Pictures with short captions:

= Beginning of Section =

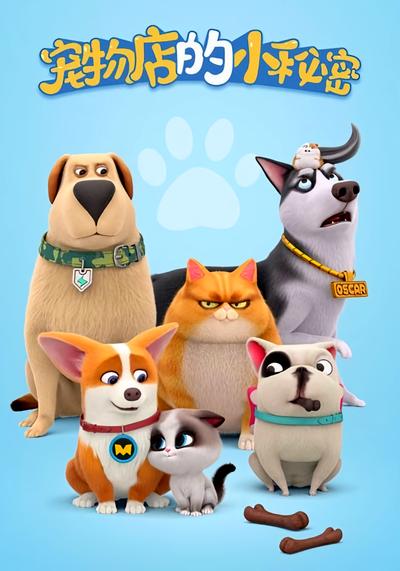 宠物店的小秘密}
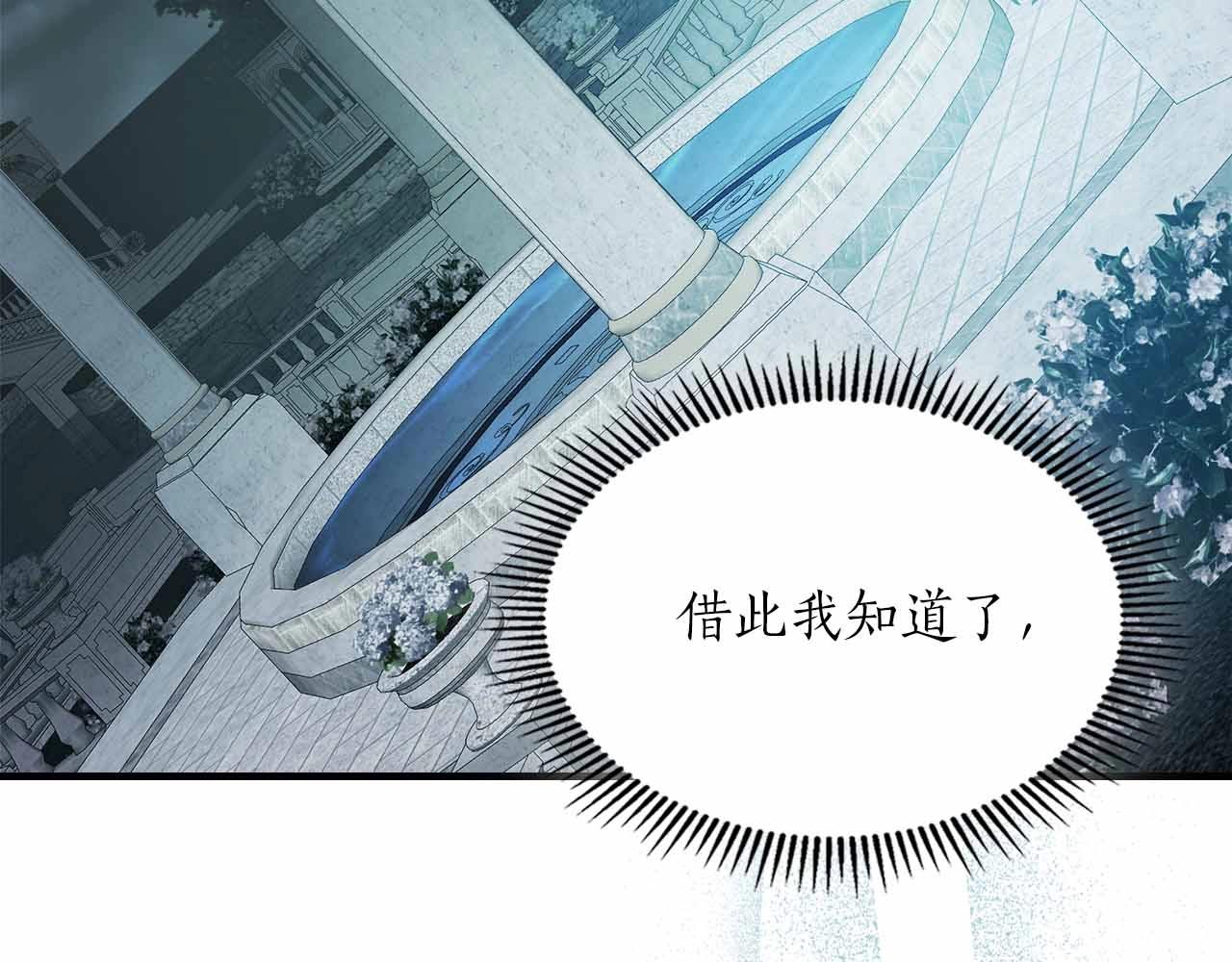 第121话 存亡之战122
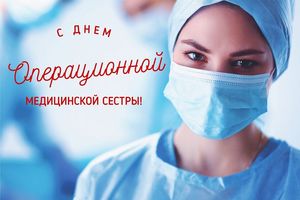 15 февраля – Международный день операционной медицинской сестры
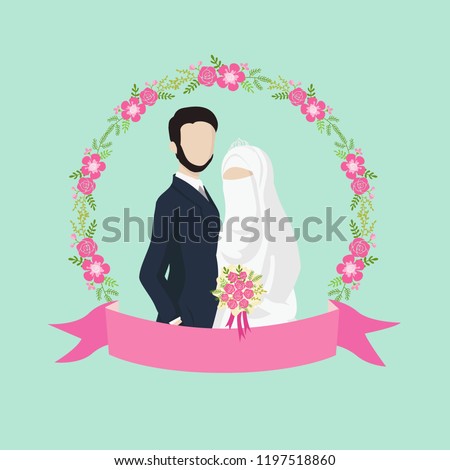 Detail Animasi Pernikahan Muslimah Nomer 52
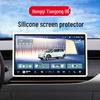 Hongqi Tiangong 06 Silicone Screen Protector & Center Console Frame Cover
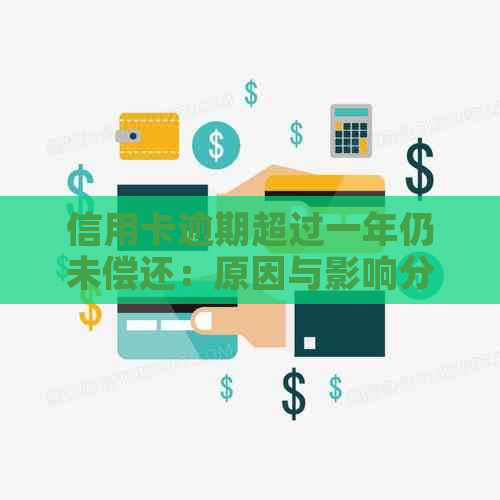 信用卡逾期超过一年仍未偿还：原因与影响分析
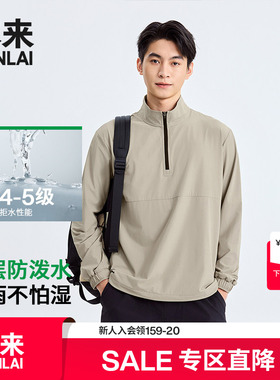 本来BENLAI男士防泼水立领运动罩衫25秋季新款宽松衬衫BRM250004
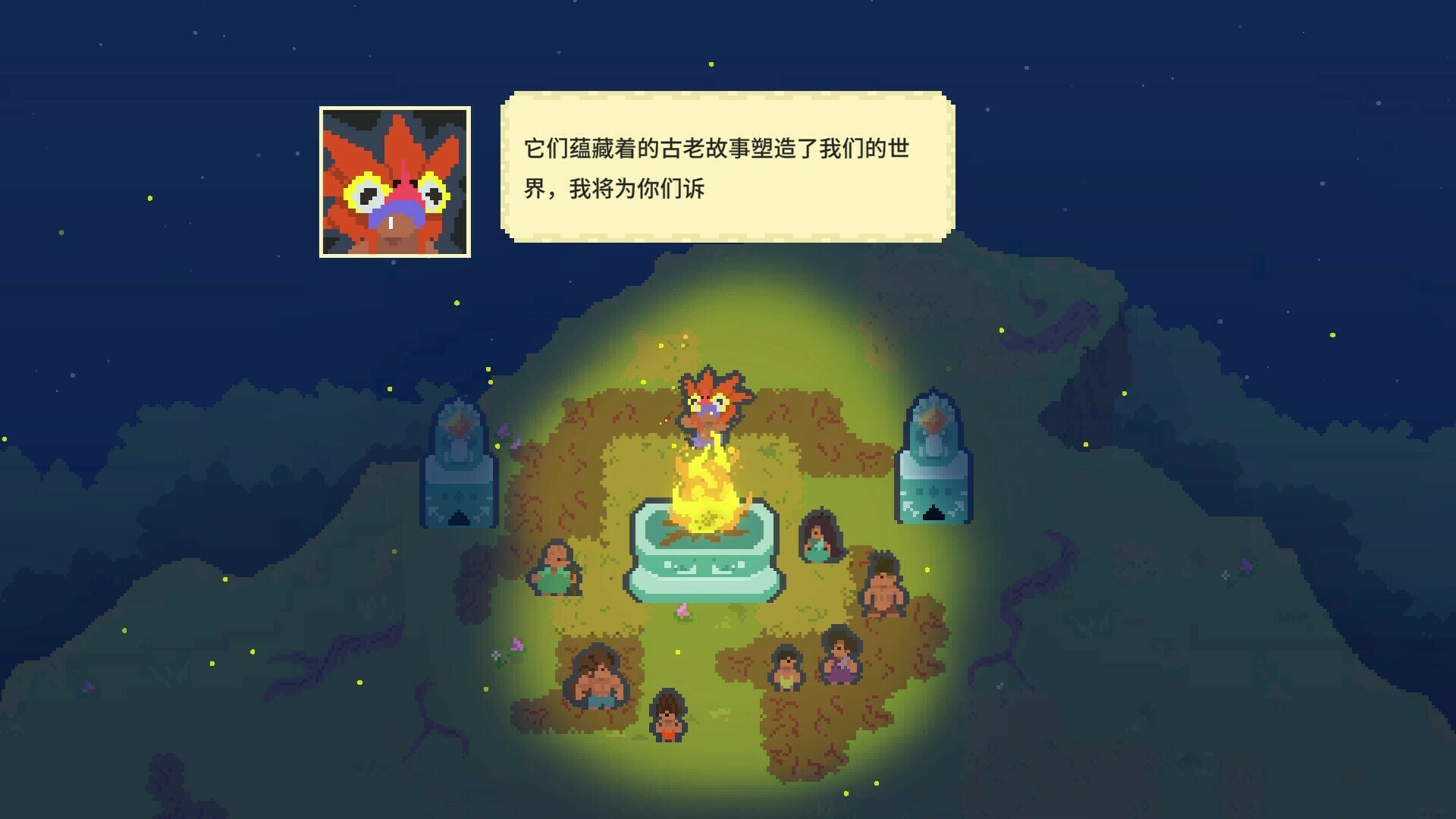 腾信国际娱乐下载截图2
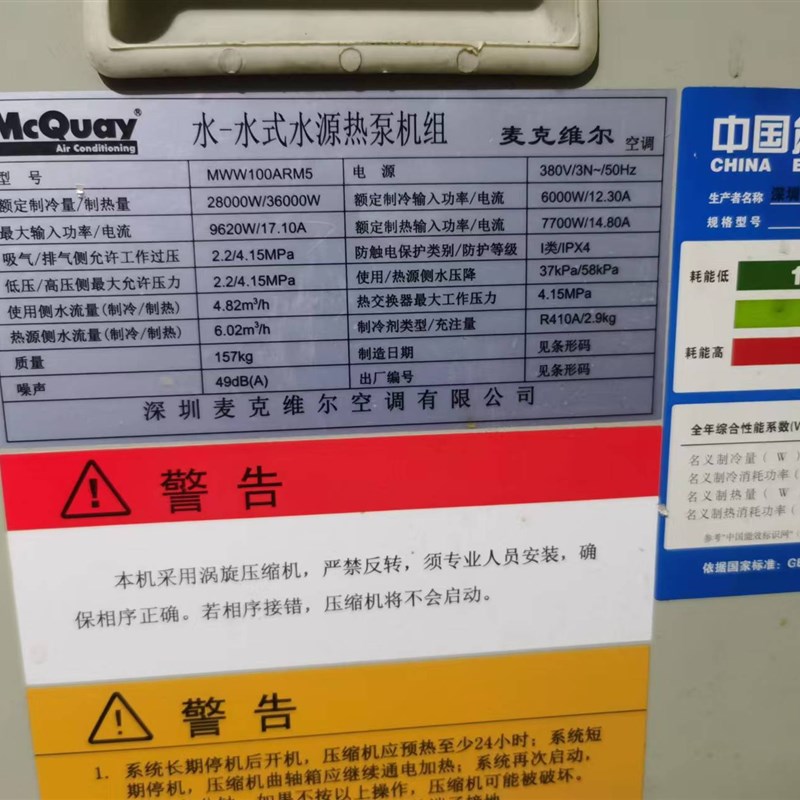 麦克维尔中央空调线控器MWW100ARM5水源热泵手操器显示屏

= End of Section =

All lines above are to be restated word for word, with pictures excluded.

 宠物店的小秘密}
 第121话 存亡之战122
 15 февраля – Международный день операционной медицинской сестры
 Detail Animasi Pernikahan Muslimah Nomer 52
 Hongqi Tiangong 06 Silicone Screen Protector & Center Console Frame Cover
 信用卡逾期超过一年仍未偿还：原因与影响分析
 本来BENLAI男士防泼水立领运动罩衫25秋季新款宽松衬衫BRM250004
 腾信国际娱乐下载截图2
 麦克维尔中央空调线控器MWW100ARM5水源热泵手操器显示屏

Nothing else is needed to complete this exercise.